▶ [WORK TO COMPLETE] Each line below should be retyped exactly, with no pictures.

▶ [Collected data entries]
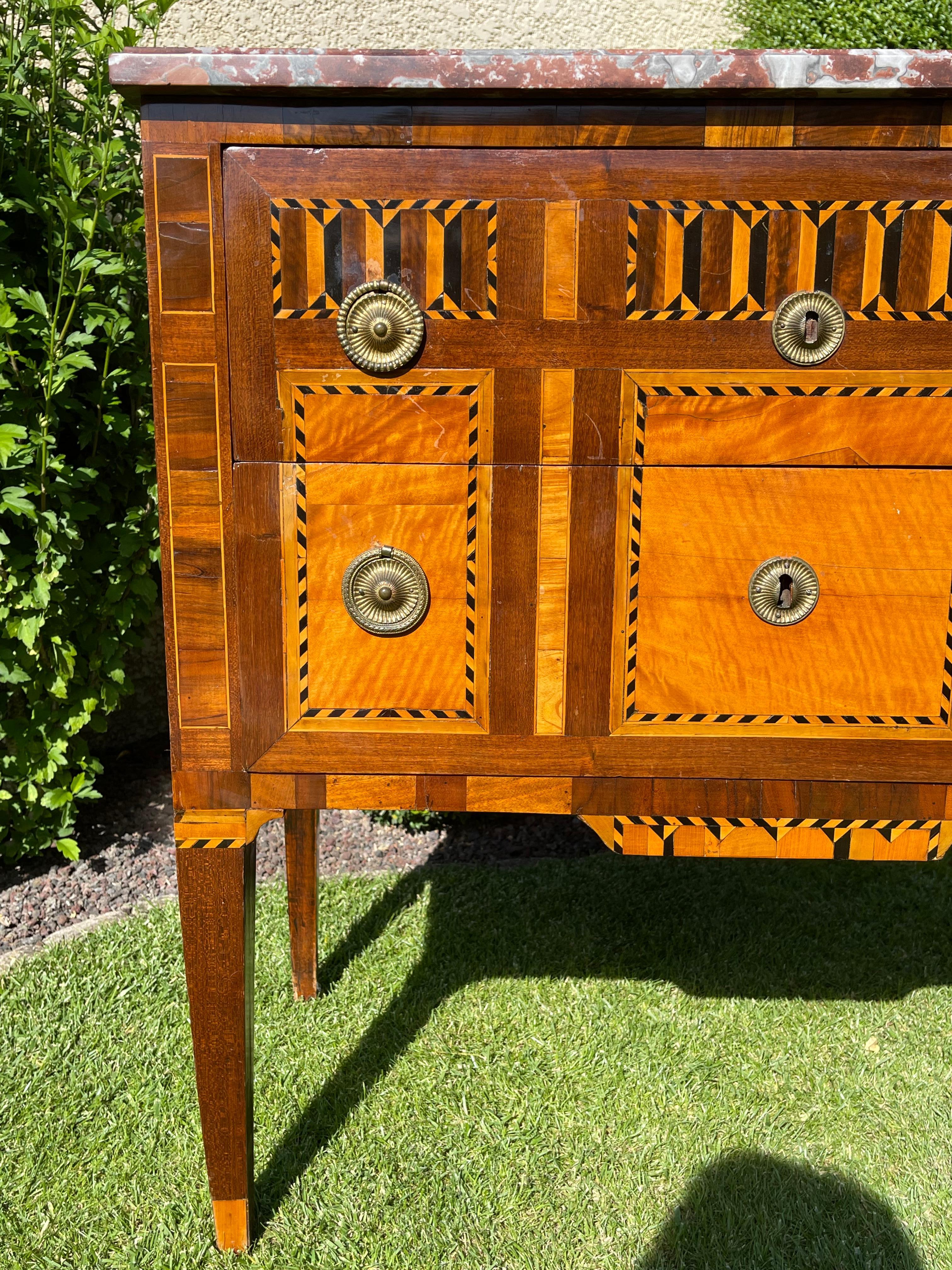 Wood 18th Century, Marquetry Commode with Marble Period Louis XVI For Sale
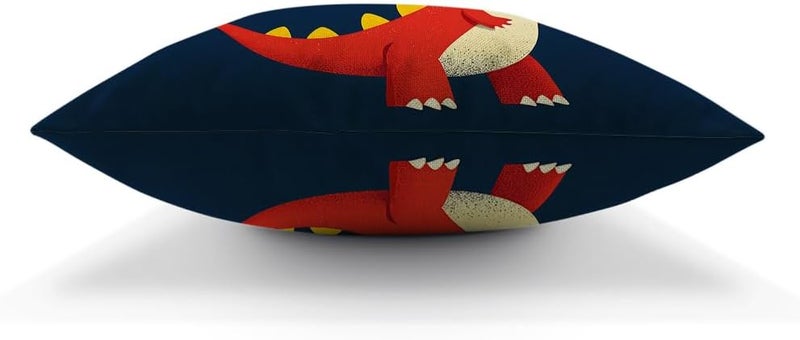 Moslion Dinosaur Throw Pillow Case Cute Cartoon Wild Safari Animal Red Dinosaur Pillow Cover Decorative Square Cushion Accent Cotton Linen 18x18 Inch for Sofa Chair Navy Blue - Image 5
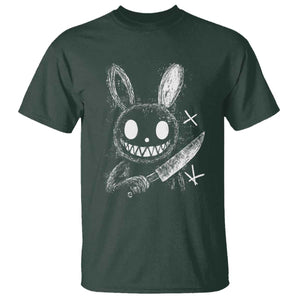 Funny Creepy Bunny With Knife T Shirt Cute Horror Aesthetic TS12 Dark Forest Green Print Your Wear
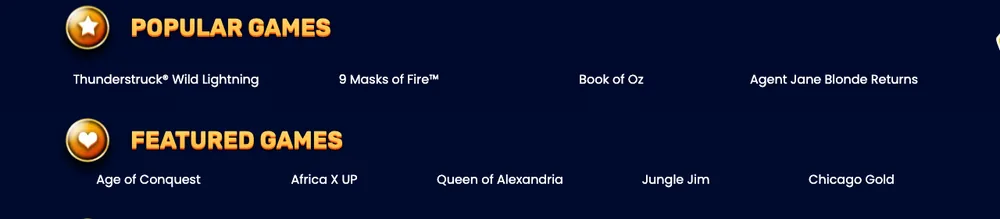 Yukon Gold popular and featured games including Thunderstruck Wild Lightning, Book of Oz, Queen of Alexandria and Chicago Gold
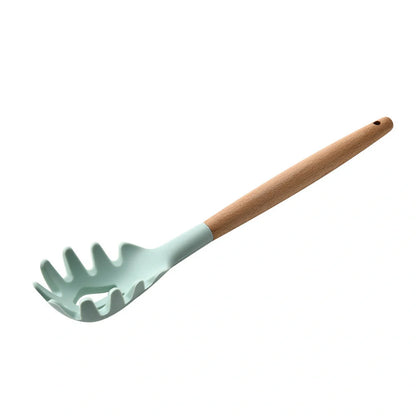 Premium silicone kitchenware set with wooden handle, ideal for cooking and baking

▶ [ANSWER TO THE EXERCISE]
 Wood 18th Century, Marquetry Commode with Marble Period Louis XVI For Sale
 Moslion Dinosaur Throw Pillow Case Cute Cartoon Wild Safari Animal Red Dinosaur Pillow Cover Decorative Square Cushion Accent Cotton Linen 18x18 Inch for Sofa Chair Navy Blue - Image 5
 Funny Creepy Bunny With Knife T Shirt Cute Horror Aesthetic TS12 Dark Forest Green Print Your Wear
 Yukon Gold popular and featured games including Thunderstruck Wild Lightning, Book of Oz, Queen of Alexandria and Chicago Gold
 Premium silicone kitchenware set with wooden handle, ideal for cooking and baking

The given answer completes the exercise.